What is being asked:
Having found the line that contains "ITN-Verlauf Stefan Endl", please retype only it and every line after it up to the end of the entries, exactly as written.

Stored data:

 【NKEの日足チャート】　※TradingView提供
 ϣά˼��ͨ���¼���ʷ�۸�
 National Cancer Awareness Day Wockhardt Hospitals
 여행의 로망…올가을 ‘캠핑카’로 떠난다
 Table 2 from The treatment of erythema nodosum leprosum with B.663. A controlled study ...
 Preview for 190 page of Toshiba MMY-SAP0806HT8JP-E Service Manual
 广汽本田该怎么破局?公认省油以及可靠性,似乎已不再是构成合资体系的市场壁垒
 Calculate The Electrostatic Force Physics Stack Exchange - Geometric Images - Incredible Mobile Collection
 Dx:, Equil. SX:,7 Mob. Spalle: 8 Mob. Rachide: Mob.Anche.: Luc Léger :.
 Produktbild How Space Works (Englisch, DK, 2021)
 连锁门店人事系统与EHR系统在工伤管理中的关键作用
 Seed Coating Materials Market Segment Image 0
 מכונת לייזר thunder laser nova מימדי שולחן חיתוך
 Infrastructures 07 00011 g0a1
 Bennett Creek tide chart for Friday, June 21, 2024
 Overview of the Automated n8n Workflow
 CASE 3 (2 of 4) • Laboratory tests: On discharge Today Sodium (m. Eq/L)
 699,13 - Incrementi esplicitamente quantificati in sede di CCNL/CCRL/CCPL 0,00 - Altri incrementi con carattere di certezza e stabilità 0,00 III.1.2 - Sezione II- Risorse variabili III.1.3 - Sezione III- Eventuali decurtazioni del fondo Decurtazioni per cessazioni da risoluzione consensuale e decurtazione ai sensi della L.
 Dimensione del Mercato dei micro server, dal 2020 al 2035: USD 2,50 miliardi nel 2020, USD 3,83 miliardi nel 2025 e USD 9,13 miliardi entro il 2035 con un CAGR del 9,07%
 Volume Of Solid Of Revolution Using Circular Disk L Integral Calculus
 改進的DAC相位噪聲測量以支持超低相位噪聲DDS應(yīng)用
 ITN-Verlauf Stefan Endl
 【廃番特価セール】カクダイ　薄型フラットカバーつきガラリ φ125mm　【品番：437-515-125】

Answer:
 ITN-Verlauf Stefan Endl
 【廃番特価セール】カクダイ　薄型フラットカバーつきガラリ φ125mm　【品番：437-515-125】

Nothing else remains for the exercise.